Israel's enemies will not understand that they are successful because the Lord has given Israel into their hands:
They are a nation void of sense;
there is no understanding in them.
If they were wise, they would understand this;
they would discern what the end would be.
How could one have routed a thousand,
and two put a myriad to flight,
unless their Rock had sold them,
the Lord had given them up?
Indeed their rock is not like our Rock;
our enemies are fools.
(Deut. 32.28-32)
Even when the Lord turns his face from the Israelites, he is still their one and only God. There will always be that connection between them. Other people have other false gods, but YHWH is the one true God that can make armies win and lose as YHWH Sabaoth. And so the Lord will vindicate his people, and their enemies will realize that their gods are naught.

God then declares monotheism:
See now that I, even I, am he;
there is no god beside me.
God kills and makes alive, wounds and heals.

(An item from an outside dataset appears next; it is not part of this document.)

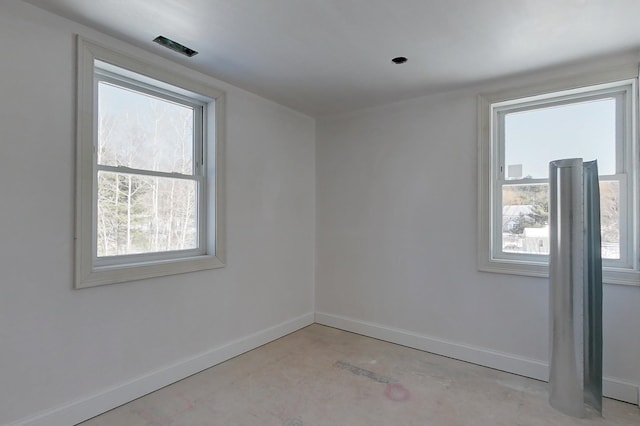 spare room featuring baseboards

God is omnipotent and will take vengeance on those who hate him. Those arrows that were before aimed at the Israelites will now be used against their enemies:
I will make my arrows drunk with blood,
and my sword shall devour flesh.

The people are told to worship God, as are the false "gods" of the foreign people. This is not meant to acknowledge that these gods exist, but rather is a rhetorical device to demonstrate YHWH's power. Even false gods would bow down to YHWH. And God will take vengeance and cleanse the land for his people.

These are the words that Moses recites for the people to remember after they have crossed the Jordan.